Flexible operating hours (FOH) can make it easier for people to access civil and family justice, but there needs to a lot more work to bring solicitors and barristers on board, research into two pilot schemes has said.
HM Courts & Tribunals Service (HMCTS) would need to consider “how to constructively engage with the wider legal profession” to make FOH work, according to the evaluation of the six-month pilots in Manchester and Brentford, west London, that started in September 2019.
The Manchester pilot involved afternoon and late sittings (2pm to 7pm) in two courtrooms handling civil and non-children family cases. In Brentford, one court sat early (8am to 10.30am) and late (4.30pm to 7pm) to hear civil claims.
The evaluation, conducted by IFF Research and Frontier Economics for the Ministry of Justice, identified a “positive effect” on people’s access to justice, with “some evidence” of reductions in time taken off work and improvements to perceived convenience of hearing times and travel to and from court.
“That said, some legal professionals, legal organisations and court staff raised (largely hypothetical) concerns about FOH sessions being difficult to access for some public users, namely those with childcare responsibilities, those who are financially vulnerable or who do not live near the court.”
The report concluded that, if additional judicial and staff resource was put into flexible hearing times, the Brentford model would enable more cases to be heard within existing courtrooms “and this is likely to be a more convenient option for some members of the public and individual legal professionals”.
However, there were “indications” that the pilot sessions created additional childcare issues for some court staff, professionals and members of the public, “and legal professionals were of the opinion that this risks placing disproportionate burden among women and junior barristers within the legal profession”.
Researchers went on: “This suggests that, if pursued more widely in future, participation in FOH might need to continue to be a matter of choice for some members of the public and legal professionals.”
They stressed the importance of getting the profession onside to make FOH a success.
“This is likely to require further consultation and engagement with solicitors’ firms and barristers’ chambers, to encourage them to adapt their expectations of working hours, and their processes for allocating cases to individual legal professionals, to FOH sessions (particularly to ensure that legal professionals work time-shifted hours where they can, rather than extended hours).”
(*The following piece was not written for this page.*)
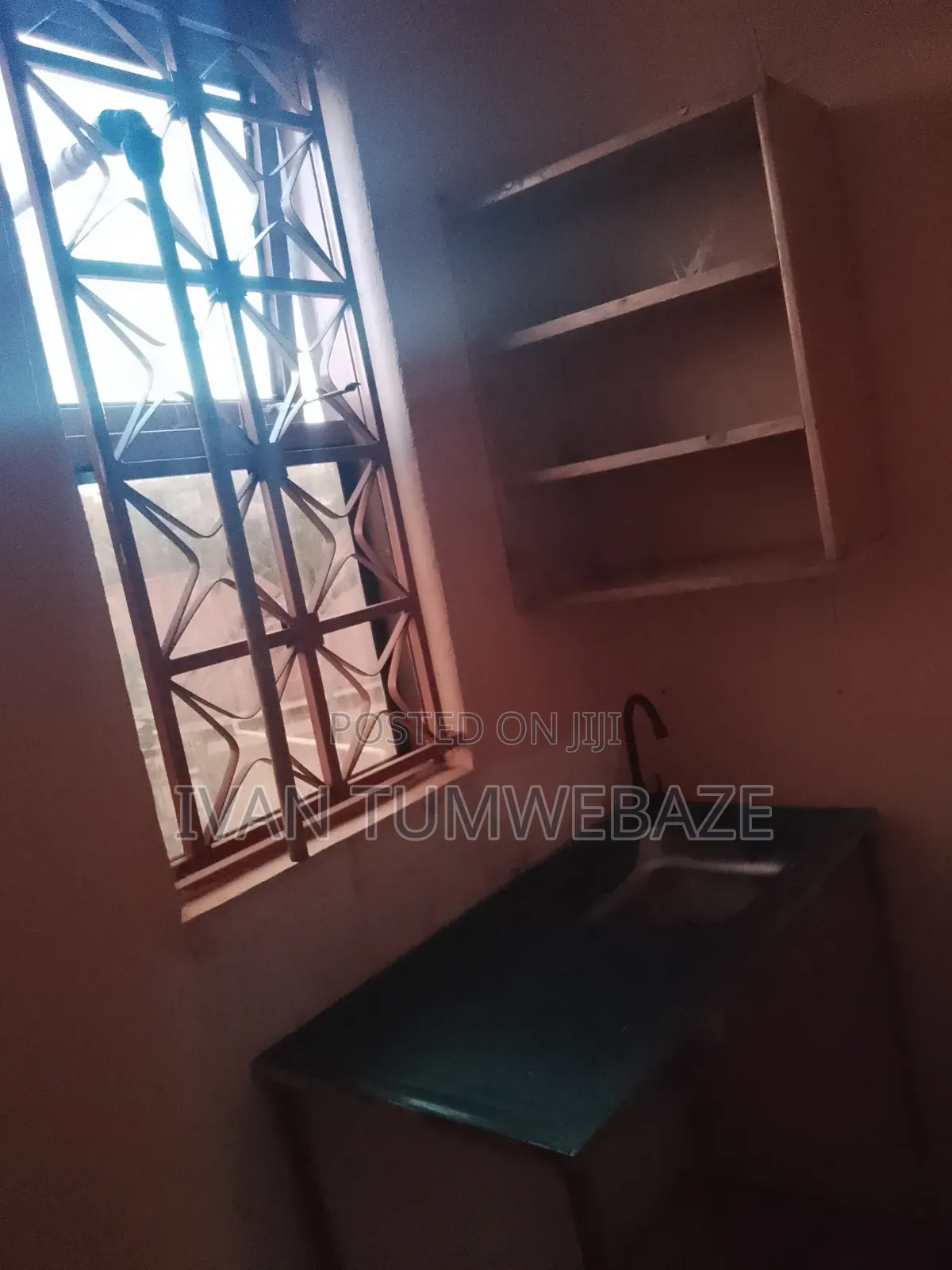 1bdrm Apartment in Zana Entebbe Road, Central Division for rent in Central Division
The pilots had little effect on working hours and workloads for judges and the majority of lawyers reported no impact on their time. But some lawyers’ hours were extended and their workload increased.
“Those with young children reported increased contingency planning with colleagues, friends and family, adding to their workload, and making work/life balance even more challenging.
“Professionals who opted out of the pilot often did so because of their childcare responsibilities and this prevented them from having the time and capacity to accommodate displaced workloads.”
The small scale of the pilots and the few sessions attended by lawyers meant many with childcare responsibilities could accommodate the occasional session, researchers said.
They continued: “Firms and legal professionals raised the likely issues with covering FOH sessions if they were to become commonplace and on a greater scale. For example, establishing new terms and conditions and hiring more professionals available to work different hours.”
Many lawyers and some judges said the pilots had a negative effect on quality of justice. “The most common reason for this was that earlier starts and later finishes to the working day affected the concentration and energy levels of legal professionals.”
However, most parties were satisfied with the outcome of their case – pre-pilot users were more likely than FOH users to be very dissatisfied with the outcome.
Female professionals attending late FOH hearings felt less safe leaving afterwards because of fewer people around and the courts being darker, and travel was “more burdensome for individuals who take public transport to the courts and live further from the courts”.
Last week, the government announced that it would allow judges in criminal courts to impose longer temporary operating hours in a bid to reduce the backlog of cases caused by Covid, despite the profession’s bitter opposition.
An equality assessed acknowledged the potential for indirect sex discrimination against women, as more likely than men to have caring responsibilities.
It put forward various mitigations of the impact and argued that temporary hours were “a proportionate response given the overriding need for local courts to decide how best to respond to the pandemic”.